A Cultural History of Causality: Science, Murder Novels, and Systems of Thought
by Stephen Kern. Princeton University Press, 2004 ($29.95)
Did you forget to take "Quantum Physics and the Murder Novel" your senior year? If so, Kern's book on causality will guide you through a daunting yet enlightening survey of how science has affected literature.
By "murder novels," Kern does not mean whodunits. His focus is on the "whydunits" written by Victorian and modern writers: books that revolve around murder but dwell on their characters' motives, not crime solving. Science comes into play because of the revolution in thought and knowledge between the period 1830 to 1900 and the 20th century. Over these years, Charles Darwin and Gregor Mendel revolutionized biology, Sigmund Freud revolutionized psychology, and physicists changed our view of the universe.
The result, Kern says, is reflected in these novels: the protagonist of Émile Zola's Germinal (1885) kills because of a murderous rage inherited from distant ancestors--"an explanation," Kern writes, "that is unlikely in a serious modern novel." In Compulsion (1956), however, Meyer Levin has killers driven by childhood sexual traumas, a cause of psychosis unknown before Freud. Although Kern cites more than 100 novels, he concentrates on a dozen or so exemplary authors, with Charles Dickens, Victor Hugo and Fyodor Dostoyevsky as leading Victorians and Theodore Dreiser, Franz Kafka and Albert Camus as modern thinkers.
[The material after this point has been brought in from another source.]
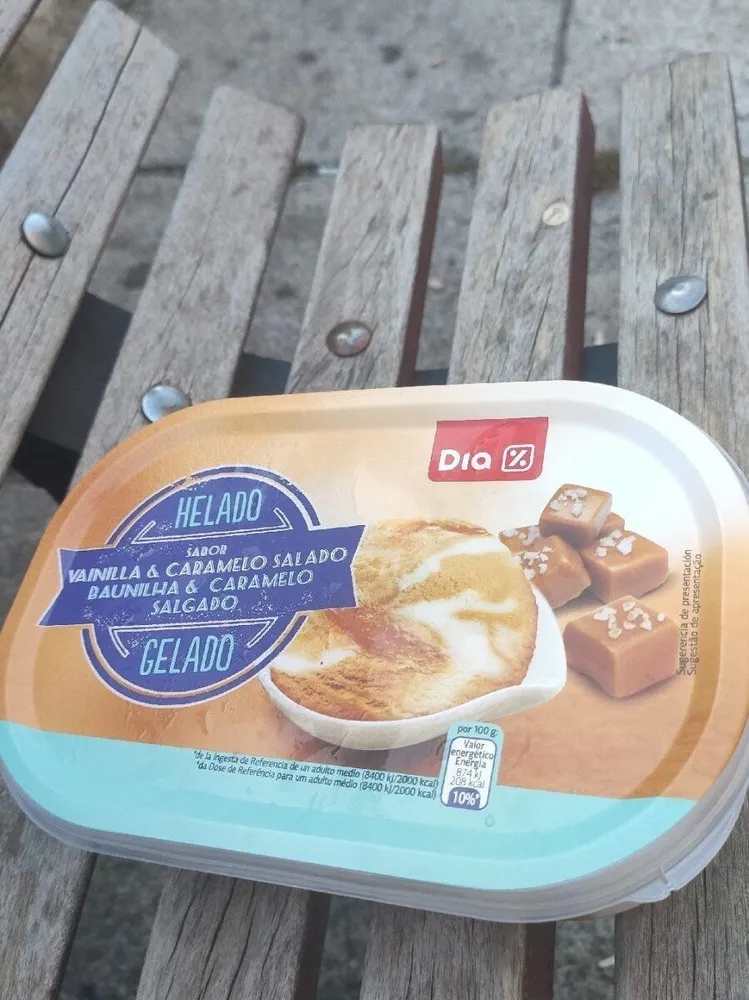 Helado sabor vainilla y caramelo salado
Kern's central idea is the "specificity-uncertainty dialectic." Roughly summarized: the more specific information scientists gained about the world, the more they realized how little they knew. For example, geneticists in the 20th century learned about genes and had a far better understanding of inherited characteristics than Victorians had--but the very breadth of this knowledge made the idea of a character inheriting an instinct a laughable notion.
Kern, a humanities professor at Ohio State University and expert on intellectual history, has mastered the novels, the critical literature, and the works by philosophers and sociologists bearing on his thesis. His descriptions of the genetics, neuroscience and physics that influenced writers are much briefer but accurate. A Cultural History of Causality is structured like a college course and can be heavy-going. But readers familiar with the novels will see them in a new light and--who knows?--scientists may be drawn by the connections Kern reveals to read these tales of murder. --Jonathan Beard
Sex and Learning
Why Gender Matters: What Parents and Teachers Need to Know about the Emerging Science of Sex Differences
by Leonard Sax. Doubleday, 2005 ($24.95)
When I was a college freshman, a male teaching assistant I sought help from told me matter-of-factly that women were not good at inorganic chemistry. Had I been armed with Why Gender Matters, about how biological differences between the sexes can influence learning and behavior, I could have managed an informed rejoinder to go along with my shocked expression.
Sax--a pediatrician and psychologist in the Washington, D.C., area and founder of the National Association for Single-Sex Public Education--hopes to make today's teachers and parents aware of the science behind differences between girls and boys. He was inspired to write the book as more and more parents brought their young sons to his office in the mid-1990s, seeking an evaluation for attention-deficit hyperactivity disorder. Recalling studies that show boys do not hear as well as girls, Sax felt that for some of the boys he assessed, simply not hearing the teacher led to their inattention, a problem that could be solved by a front-row seat.